В таком систематическом расширении телеологическая идея способна защитить себя как от ignava ratio (ленивого разума), так и от perversa ratio (извращённого разума): ведь мы должны сделать систематическое единство целевой связи «совершенно всеобщим», благодаря чему только та или иная частная организация «более или менее заметно выделяется для нас». Мы не должны определять её заранее, а «в ожидании её следовать физико-механической связи по всеобщим законам» [36]. Так уже Критика чистого разума строго различает расширение систематического единства до телеологического от замены первого последним.

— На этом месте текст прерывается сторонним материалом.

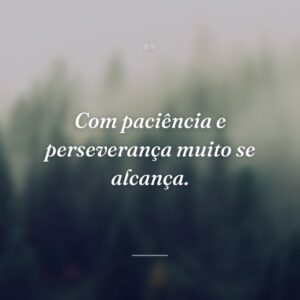 Com paciência e perseverança muito se alcança.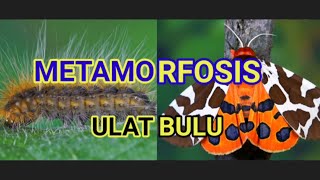 METAMORFOSIS ULAT BULU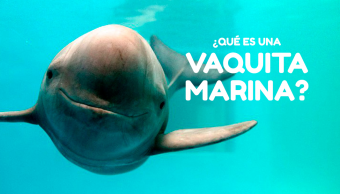 vaquita marina dr pangolin que es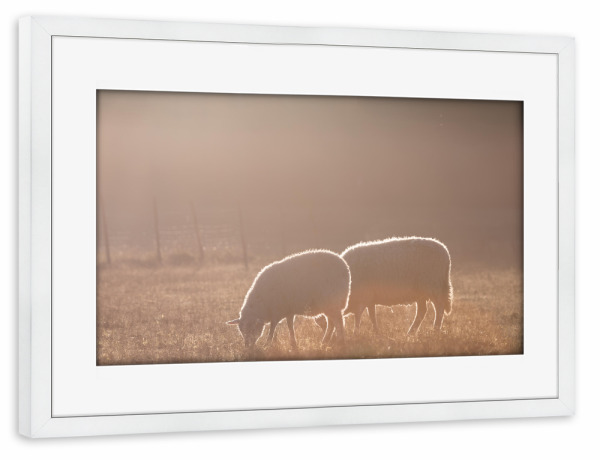 Poster mit Rahmen weiß "Schafe bei Sonnenaufgang" artboxONE - Natur,Tiere
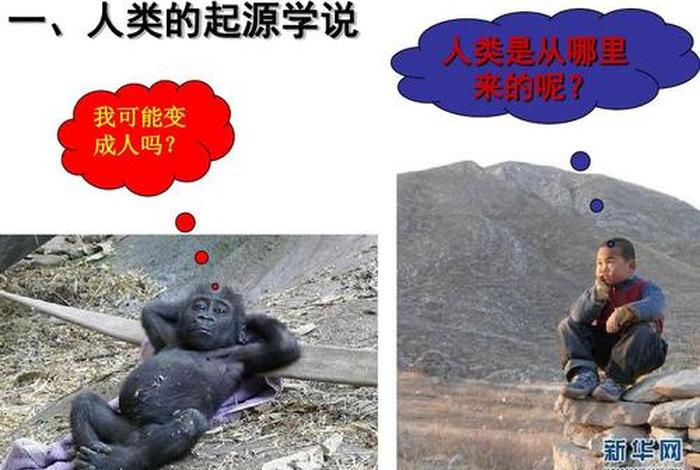 请问人类是怎么来的、人类是怎样来的呢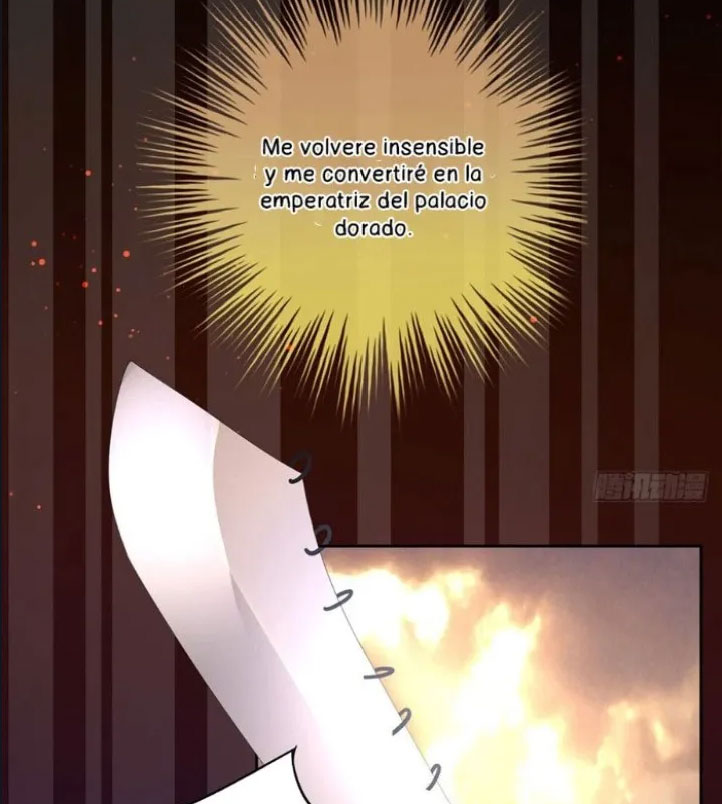 14 El harem de la emperatriz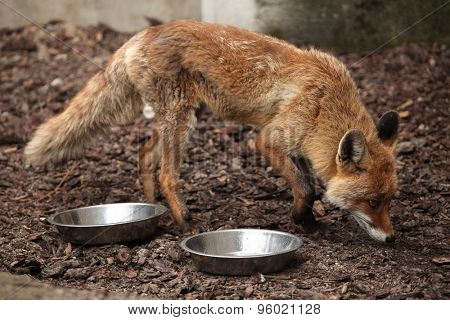 Red fox (Vulpes vulpes) inspecting empty bowls. Wild life animal. 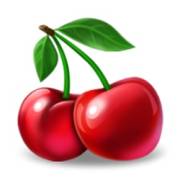 5x6 Fruity Shots: Cherry
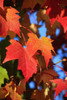 Oregon, United States Of America; Leaves In Autumn Colors In Willamette Valley PosterPrint - Item # VARDPI1876631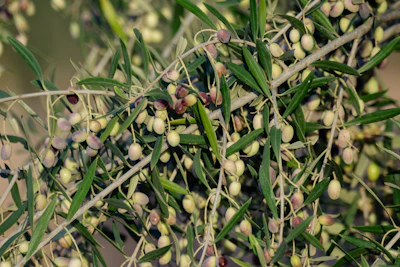A close up of a bunch of olives on a tree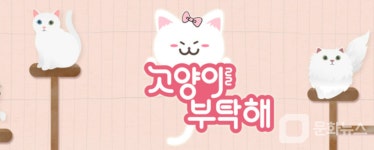 고양이를 부탁해, 넝쿨째 굴러온 여덟 고양이 편 방송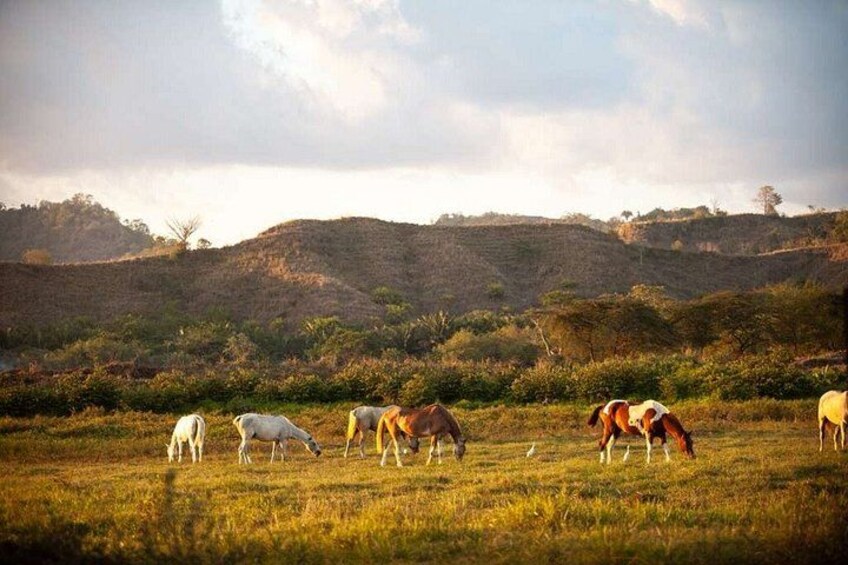 Jaco Horseback Riding Adventure Tours 3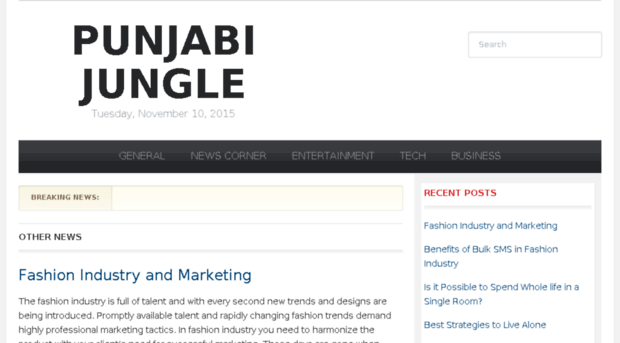 punjabijungle.com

Характерное «как если бы», которое здесь заявляет о себе в непрерывных повторениях, принимает даже внешне приближающийся к пантеизму оборот: «вам должно быть совершенно безразлично, когда вы замечаете их» (т.е. целеподобные устройства), «говорить ли: Бог мудро так пожелал, или: природа мудро так устроила» [37]. Ведь это было бы perversa ratio, если бы я заранее предполагал этот «объект в идее» как субстанцию безусловно; тогда как это интеллигибельное нечто есть лишь идея, и поскольку она может считаться трансцендентальной, означает лишь регулятивную максиму, «что мы должны изучать природу так, как если бы…», то есть обнаруживали бы в ней целесообразность, которую мы «должны выводить из природы вещей мира согласно такой идее». «Более тонкий антропоморфизм», который Критика чистого разума допускает в этих ограничениях, Пролегомены называют «символическим»: «как относятся часы, корабль, полк к художнику, зодчему, командиру, так чувственный мир (или всё то, что составляет основу этой совокупности явлений) относится к Неизвестному» [38]. И ничуть не меньше критицизм в таком ограничении области опыта, при всём акценте на «как если бы», стремится достичь, чем: оправдать теизм в его регулятивном значении.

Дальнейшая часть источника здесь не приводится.